# Warning something wrong with adapter!



## kaostheory (May 7, 2008)

I'm building a new machine with an Intel DX38BT mobo.

When I start up the computer (from the first time onward), I get the the splash screen asking me to press F2 to enter the BIOS followed by a black screen with the text "Marvell 88SE61xx Adapter - BIOS version 1.1.0.L62 (Z maybe?) Initializing...." it processes for a while adding more "..."s and eventually comes back with "...Warning something wrong with adapter!"

I've tried resetting the CMOS and putting the jumper in all positions. I cannot access the BIOS and I cannot get past that screen. Based on another thread on these forums, I tried doing a CTRL-ALT-DELETE after the message in hopes that it would bypass it, but it just restarts the machine and starts the process over again.

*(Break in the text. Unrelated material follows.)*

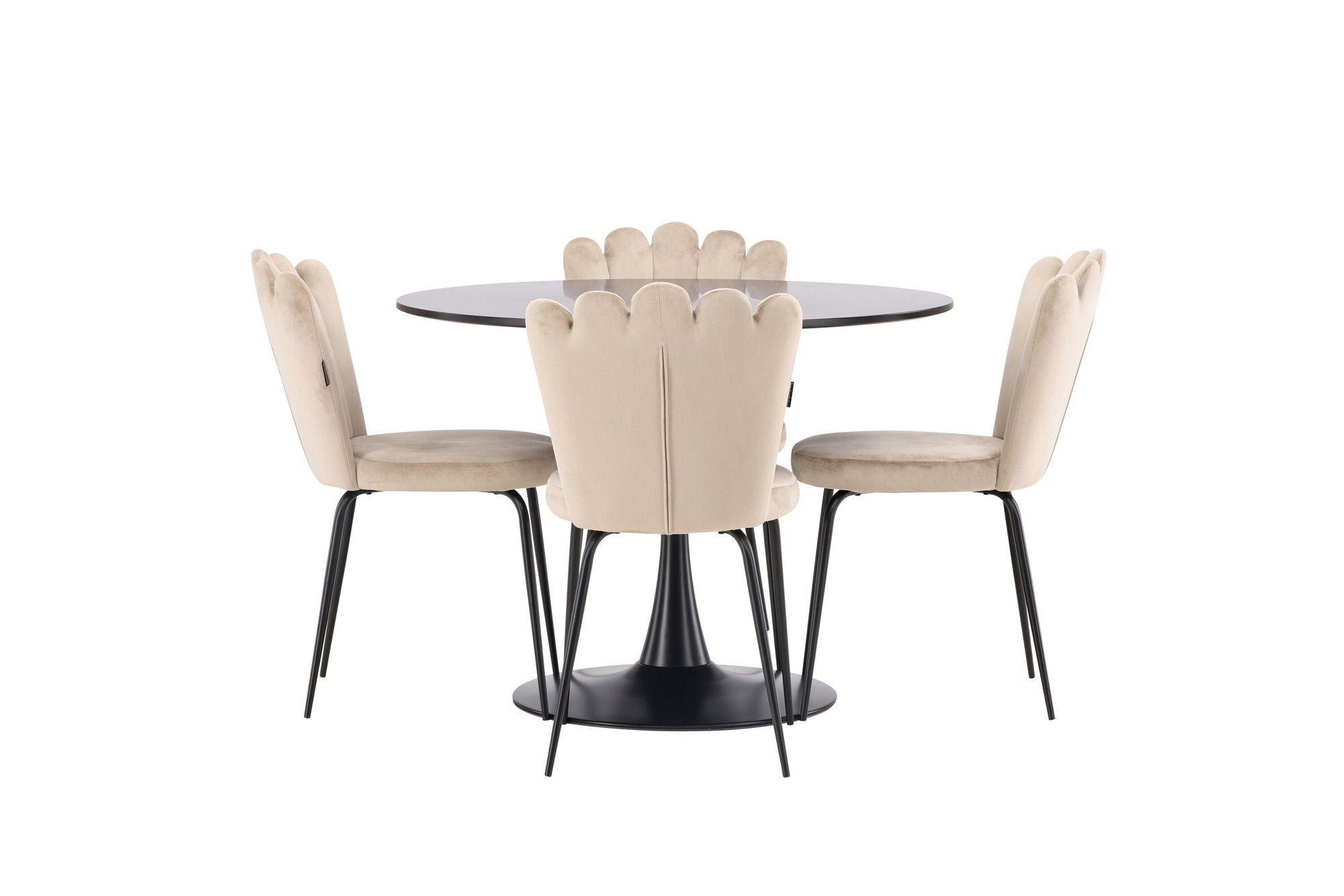 Venture Home Glade spisebord - Black / Black MDF +Limhamn Light stol - Black / Beige Velvet _4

There is no OS installed (heck the problem still happens if I disconnect the hard drive) and I am unable to access the BIOS so suggestions that involve changing BIOS settings won't really help unless you can get me into the BIOS somehow (I know I mentioned this earlier but Intel support insisted on telling me to update the version of my BIOS and/or change certain BIOS settings).

This is the second time I've run into this problem. The first mobo gave the same error and I RMA'd it. I just received the replacement today and have the same problem.

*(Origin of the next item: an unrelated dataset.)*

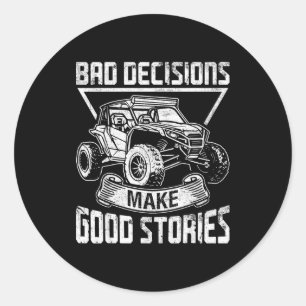 Funny Sxs Design For Men Women Sxs Utv Side By Sid Classic Round Sticker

Is it possible that it's another component (RAM, CPU, etc) or maybe something I'm doing wrong during installation?

Any help is much appreciated.


----------



## beerdo1234 (May 8, 2008)

Bump. Having the same problem Warnig something wrong with adater!
I havent touched the bios config jumper block tho


----------



## kaostheory (May 7, 2008)

I did some playing this morning and was able to get into the BIOS.

I disconnected everything except my Memory, Video Card and Processor, flipped the jumper to automatically go to the BIOS, and when I started it up, it went to the BIOS.

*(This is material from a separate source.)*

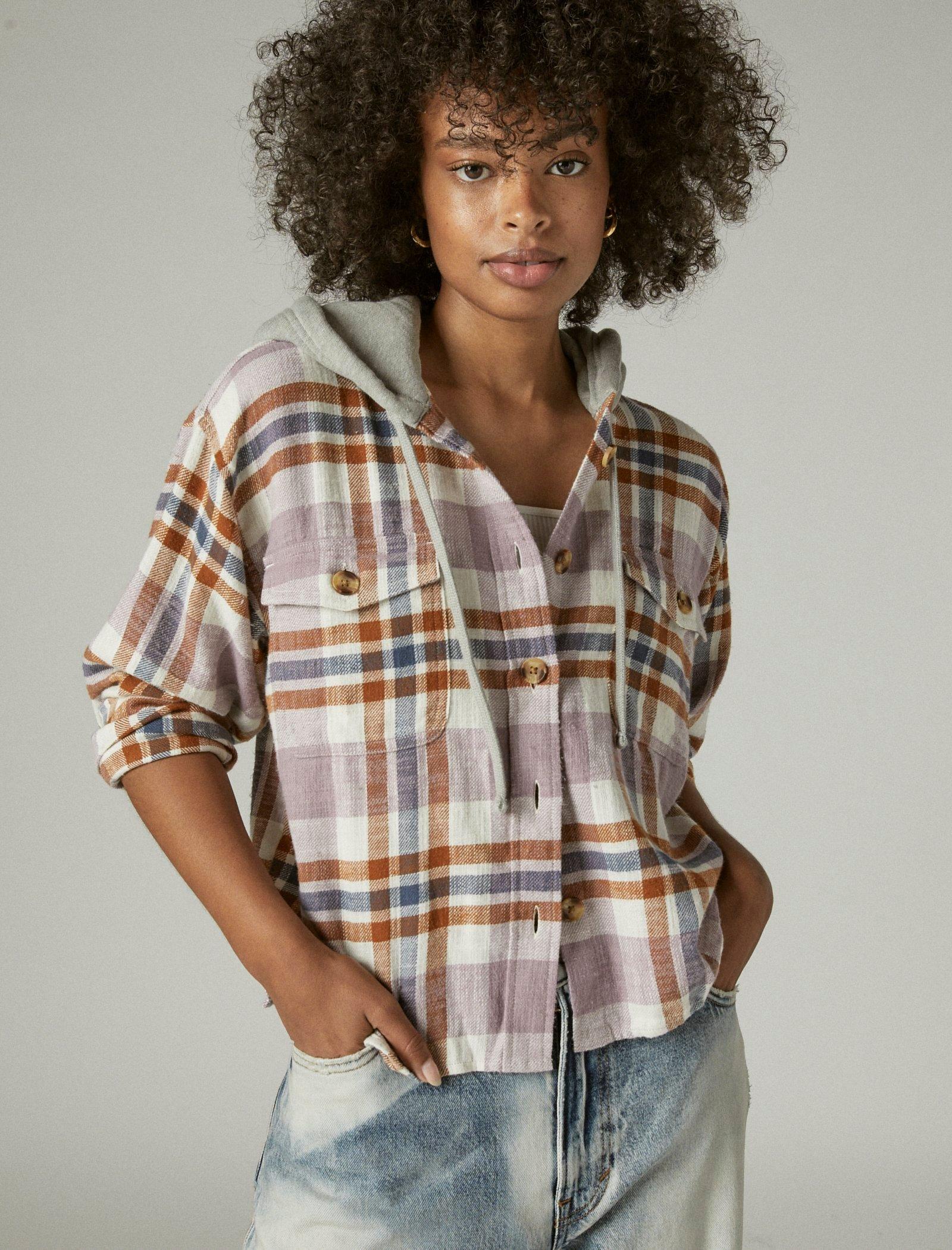 CROPPED PLAID HOODIE | Lucky Brand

In the BIOS, I turned off the on-board ethernet connection (may have tweaked some other settings as well) and when I plugged back in my peripherals and swapped the jumper it ran correctly and booted off the Windows CD.

I had tried all that on my previous mobo to no avail. I'm not sure what the differene was....


----------



## beerdo1234 (May 8, 2008)

I tried flipin the jumper and still could not get into the bios. Im starting to get the feelin I received a bad mb


----------



## kaostheory (May 7, 2008)

Try resetting the CMOS, unplugging everything that is not 100% vital to your computer running (cpu, gpu, memory) and putting the jumper to get you to the BIOS.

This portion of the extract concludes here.